EXERCISE DIRECTIONS
For this exercise, copy exactly every line from the one holding "Men's Seattle Seahawks" through the end of the data, both included. Omit pictures.

***** DATA IN THIS EXERCISE

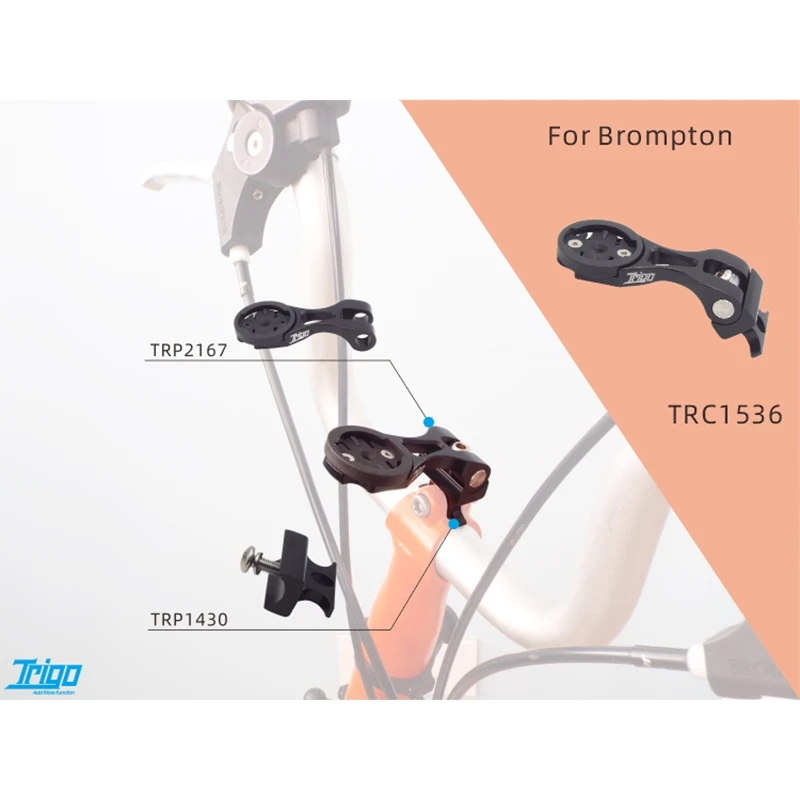 TRIGO TRP2167จักรยานคอมพิวเตอร์ Mount สำหรับ Garmin Wahoo Bryton Cateye Giant CNC อลูมิเนียม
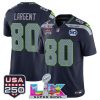 Men's Seattle Seahawks #80 Steve Largent Navy 2025 F.U.S.E. Super Bowl LX Patch And 50th Season & USA 250' Patch Vapor Limited Football Stitched Jersey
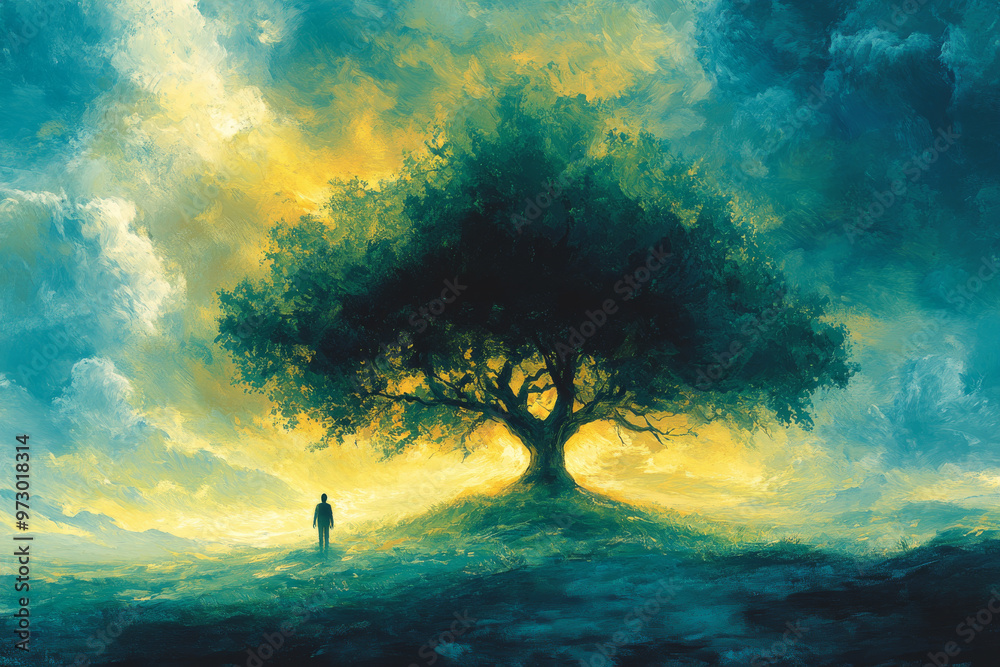A man stands in front of a large tree in a field A man stands in front of a large tree in a field
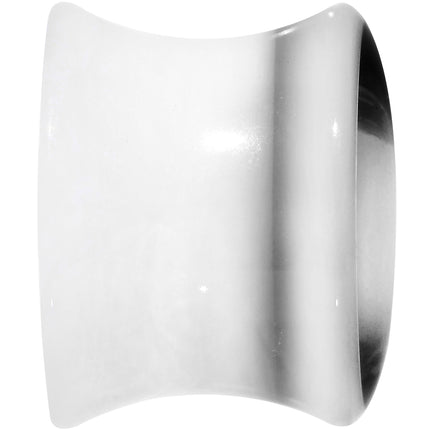 9/16 White Black Acrylic Adoring Heart Saddle Plug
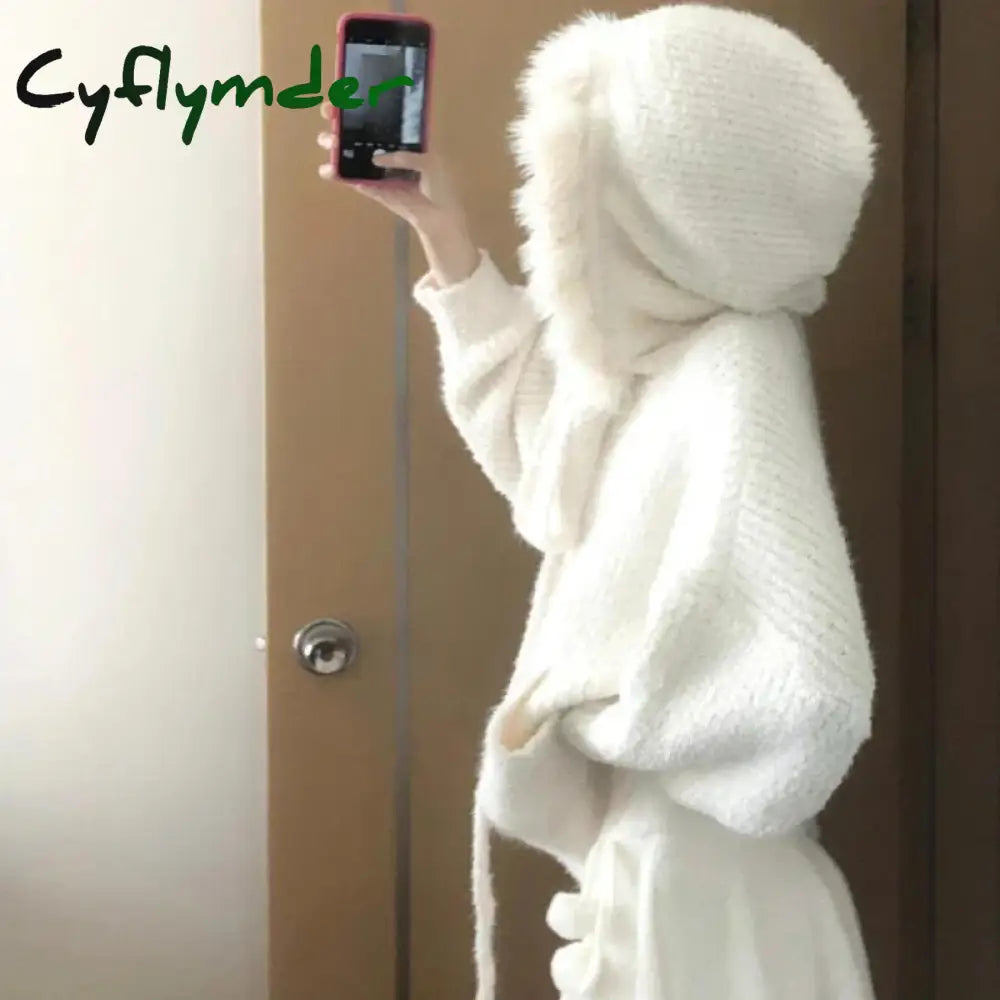 Cyflymder Kawaii Sweet Knitted Cardigan Women Elegant Zip Up Hooded Cardigan Cute Japanese Style Solid Autumn Winter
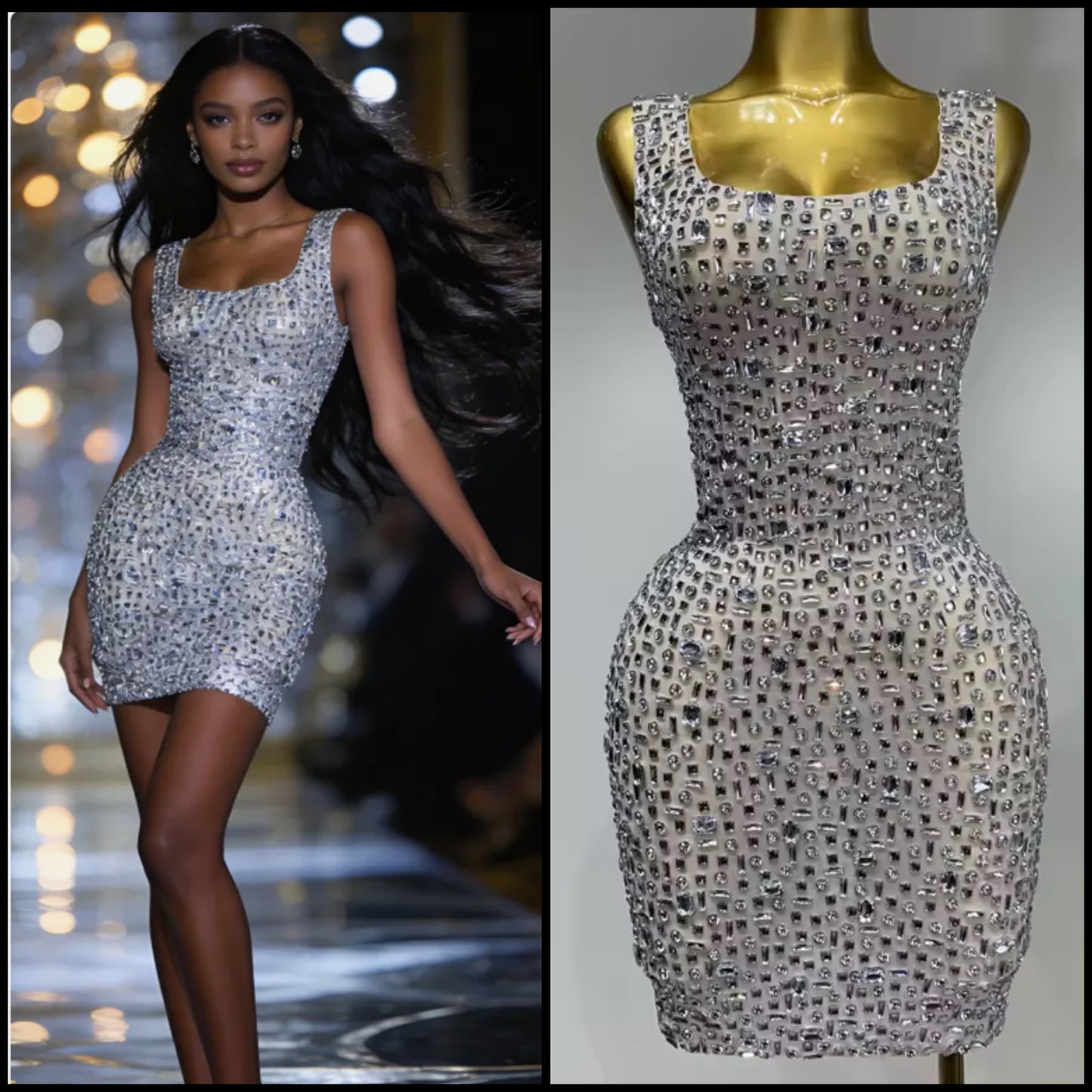 Silver Rhinestone Embellishment Sleeveless Sexy Dress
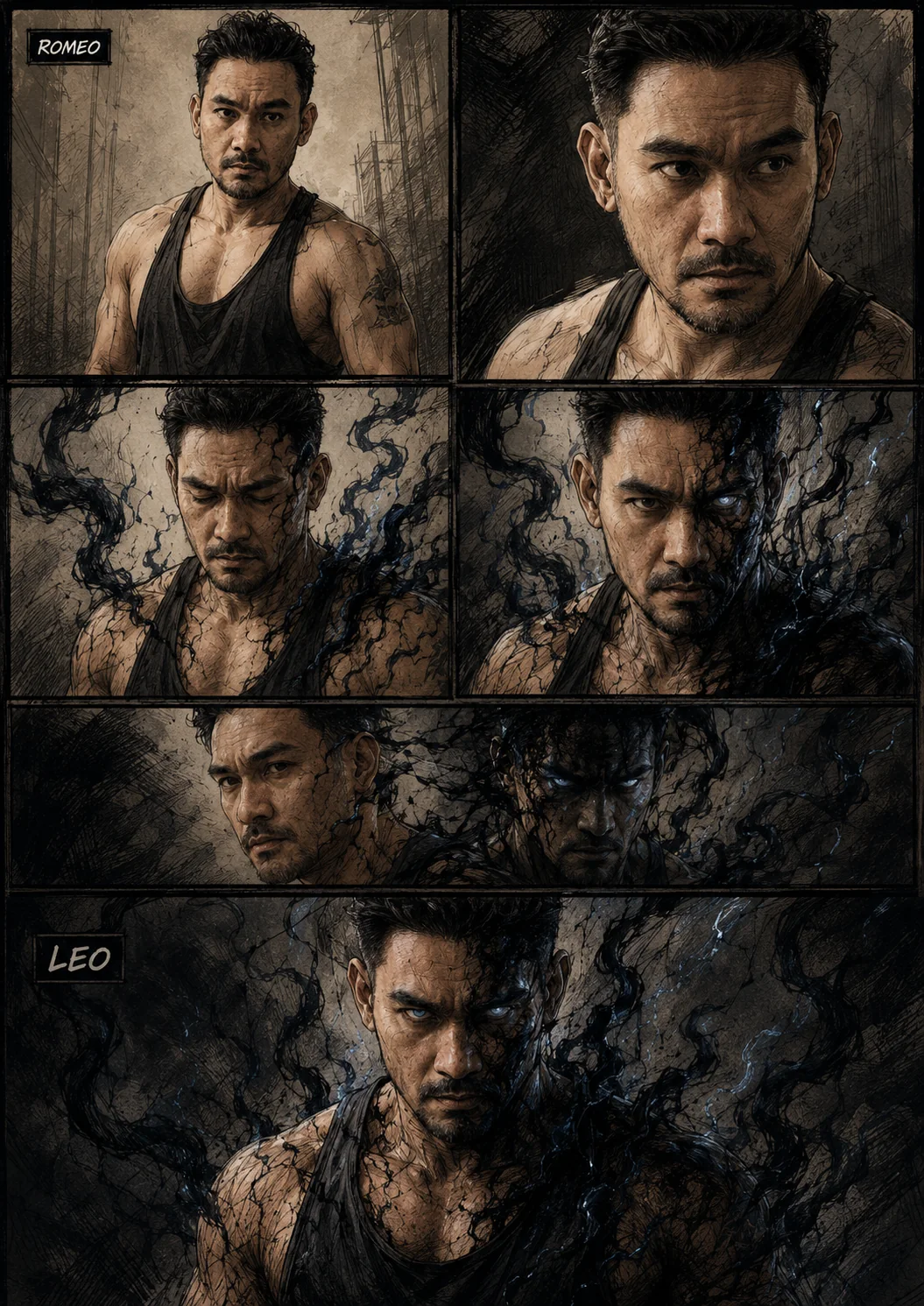 Comic sequence showing Romeo becoming Leo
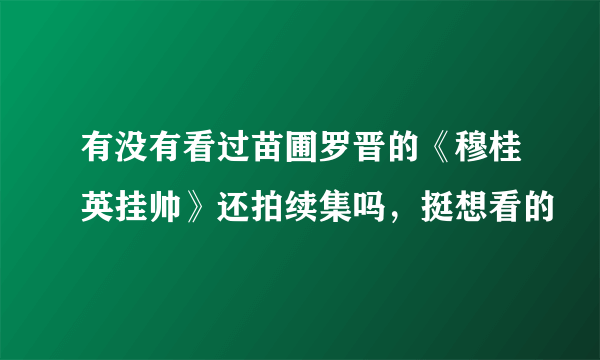 有没有看过苗圃罗晋的《穆桂英挂帅》还拍续集吗，挺想看的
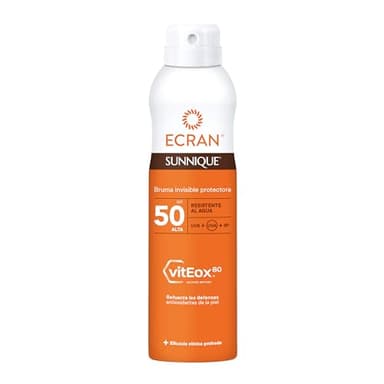 Ecran Sunnique - Bruma Protectora Solar FPS 50, Protección UVB + UVA e IR-A, Refuerza las Defensas, Protege la Piel, Hidratación 24 h, Fórmula con VitEox 80, para Toda la Familia - 250 ml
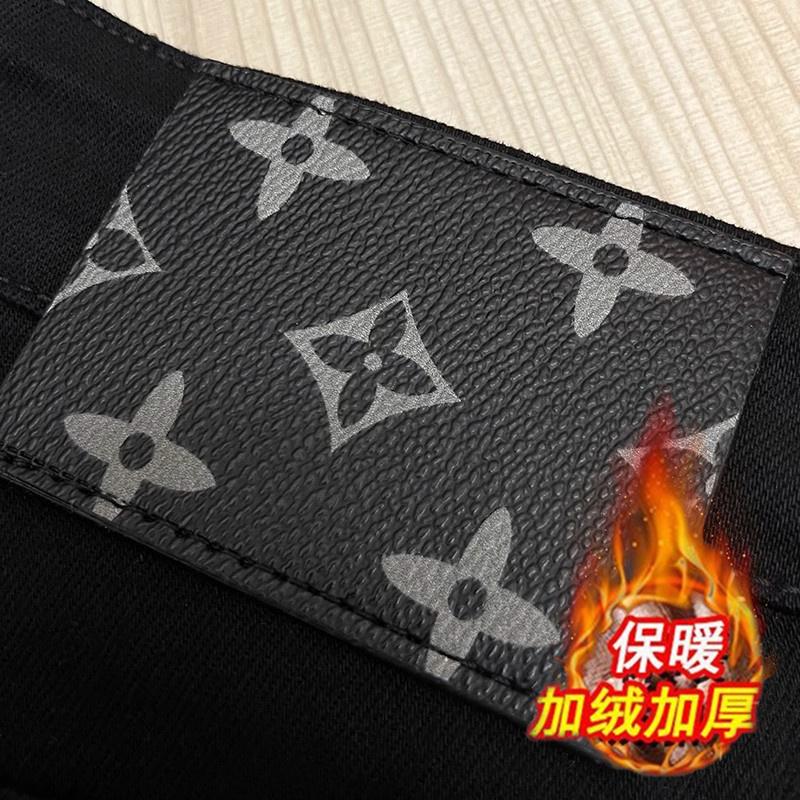 Autumn and Winter High-End Jeans Men's Trendy New Stretch Slim Fit Skinny Pants Casual Slimming Trousers Fleece-lined Thickened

**********

RESULT
 Men's Seattle Seahawks #80 Steve Largent Navy 2025 F.U.S.E. Super Bowl LX Patch And 50th Season & USA 250' Patch Vapor Limited Football Stitched Jersey
A man stands in front of a large tree in a field A man stands in front of a large tree in a field
 9/16 White Black Acrylic Adoring Heart Saddle Plug
 Cyflymder Kawaii Sweet Knitted Cardigan Women Elegant Zip Up Hooded Cardigan Cute Japanese Style Solid Autumn Winter
 Silver Rhinestone Embellishment Sleeveless Sexy Dress
 Comic sequence showing Romeo becoming Leo
 有没有看过苗圃罗晋的《穆桂英挂帅》还拍续集吗，挺想看的
 Ecran Sunnique - Bruma Protectora Solar FPS 50, Protección UVB + UVA e IR-A, Refuerza las Defensas, Protege la Piel, Hidratación 24 h, Fórmula con VitEox 80, para Toda la Familia - 250 ml
 Autumn and Winter High-End Jeans Men's Trendy New Stretch Slim Fit Skinny Pants Casual Slimming Trousers Fleece-lined Thickened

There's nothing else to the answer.